Required work: Please set down each record exactly as it appears, but leave out any pictures.
Material supplied START
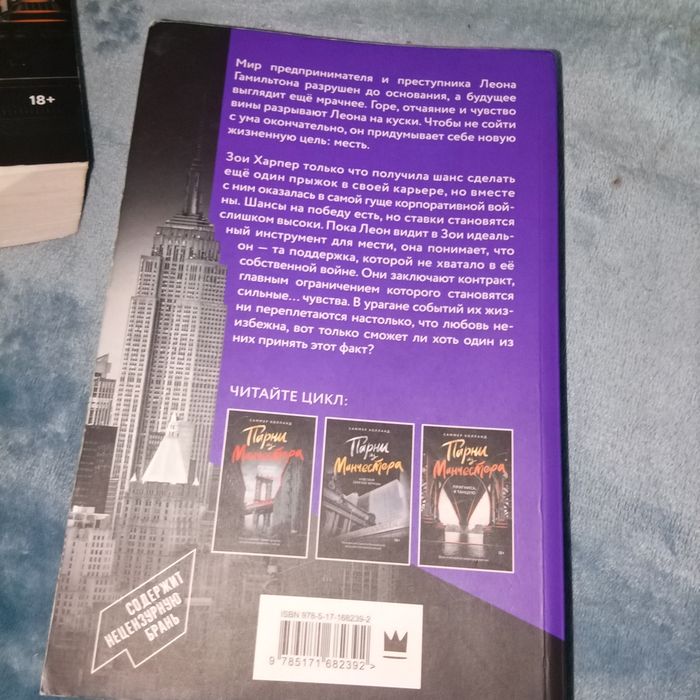 Парни из Манчестера книга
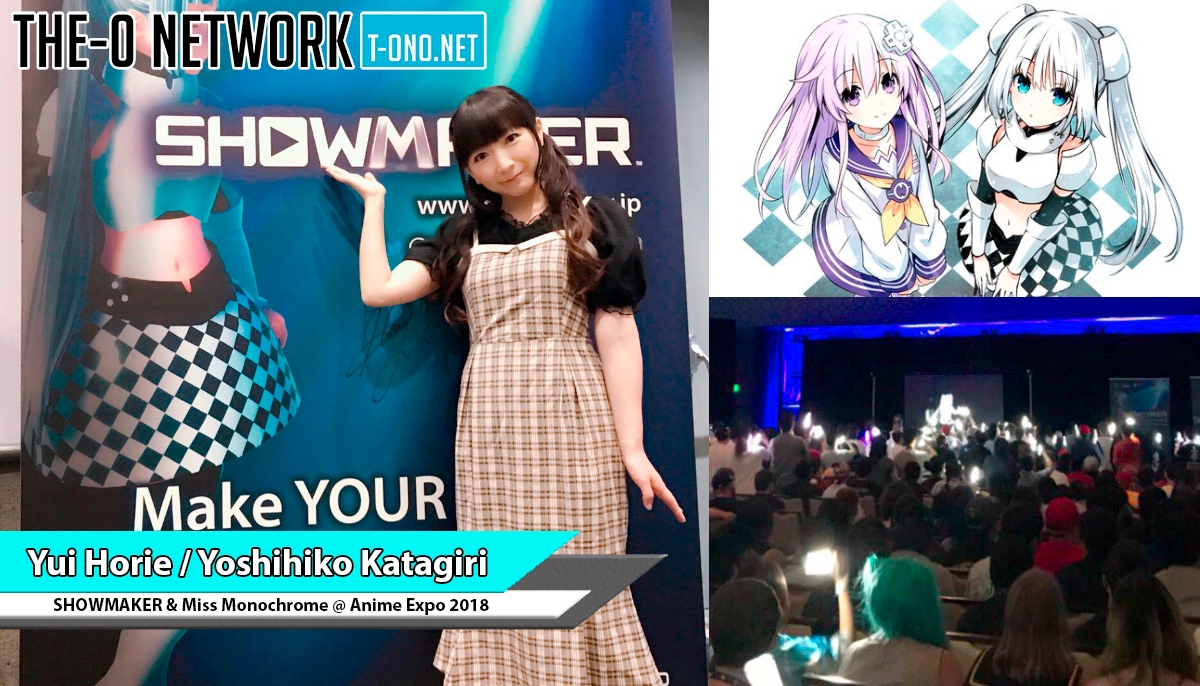 Yui Horie & Yoshihiko Katagiri SHOWMAKER Interview @ Anime Expo 2018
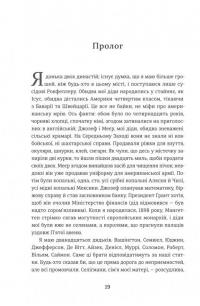 Пеґґі — Ребекка Годфрі,Леслі Джеймісон #6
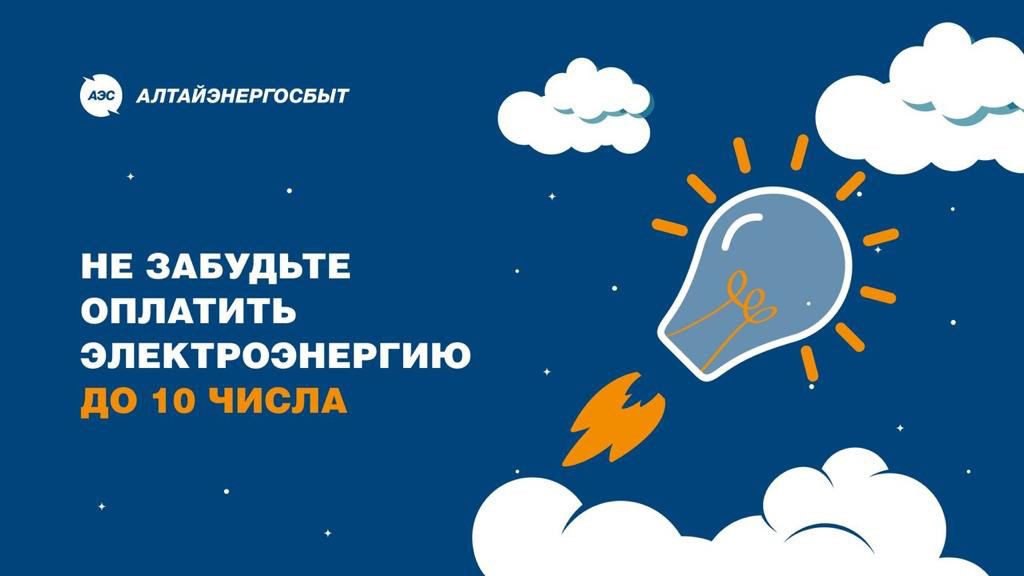 «Алтайэнергосбыт» предлагает простые способы оплаты счетов за свет Фото №1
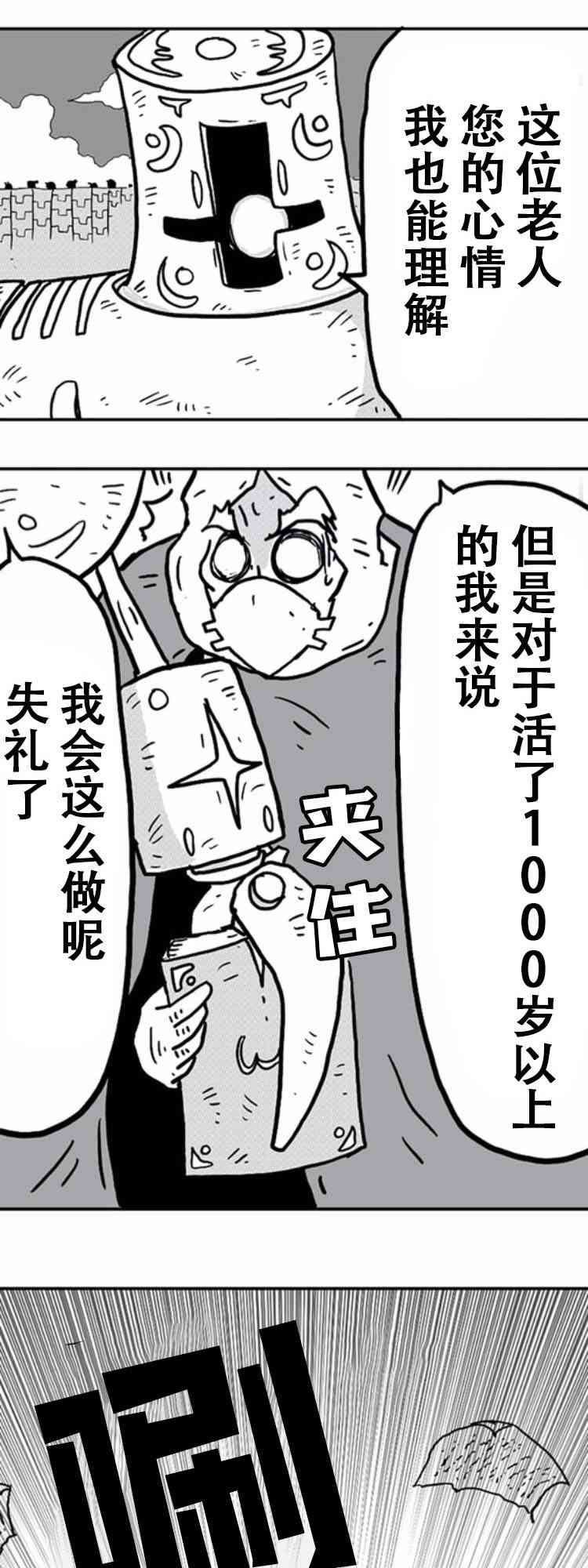 14.jpg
Material supplied END
Response area:
 Парни из Манчестера книга
 Yui Horie & Yoshihiko Katagiri SHOWMAKER Interview @ Anime Expo 2018
 Пеґґі — Ребекка Годфрі,Леслі Джеймісон #6
 «Алтайэнергосбыт» предлагает простые способы оплаты счетов за свет Фото №1
 14.jpg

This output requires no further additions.